Porém, o direito fundamental de acesso ao Poder Judiciário não significa

permanecer nele, ou seja, todo cidadão tem direito a processo célere (art. 5º,

LXXVIII, CR/88), daí se conclui que a democratização da Arbitragem Administrativa,

como contencioso administrativo – capaz de coisa julgada - sob regime jurídico

democrático, é meta a ser buscada pela Administração Pública.

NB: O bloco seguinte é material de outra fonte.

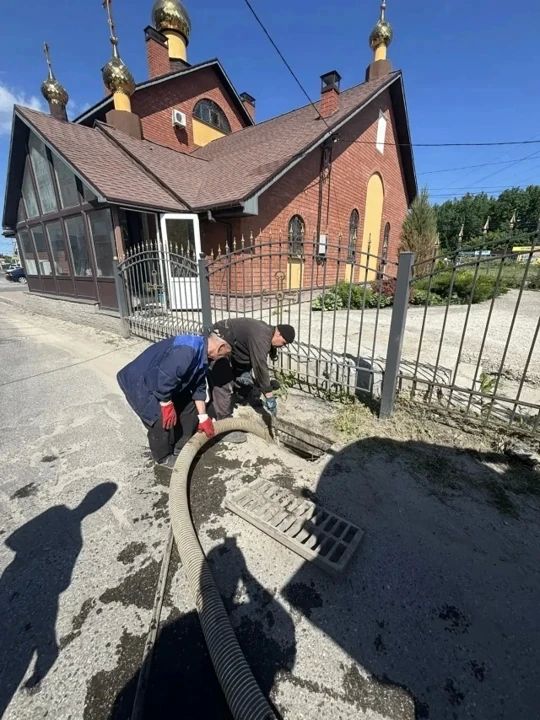 Асфальтирование дорог, покос травы и прочистка ливнёвок: какие работы по содержанию территорий проводили службы городского хозяйства Асфальтирование дорог, покос травы и прочистка ливнёвок: какие работы по содержанию территорий проводили службы городского хозяйства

Nota-se uma cisão do Direito Administrativo brasileiro, nesse aspecto. Isso

porque há um formatado para ser célere, eficiente, utilizando mecanismos de

composição de litígios arbitrais ou de transação, com adimplemento de obrigações

garantido por criação de fundos garantidores, voltado para os cidadãos pessoas

jurídicas de grande capital, em regra, e outra Administração Pública formatada para

para ser lerda, ineficiente, indicando ao cidadão comum o “direito” de acesso ao

Poder Judiciário sem correspondente garantia de, rapidamente, sair dele, e, ainda

que vitorioso, arcar com a fila de precatórios que, agora, em novo colorido nefasto,

tem tudo para virar um leilão invertido, de quem aceita menos pelos interesses ou

direitos violados pelos entes administrativos.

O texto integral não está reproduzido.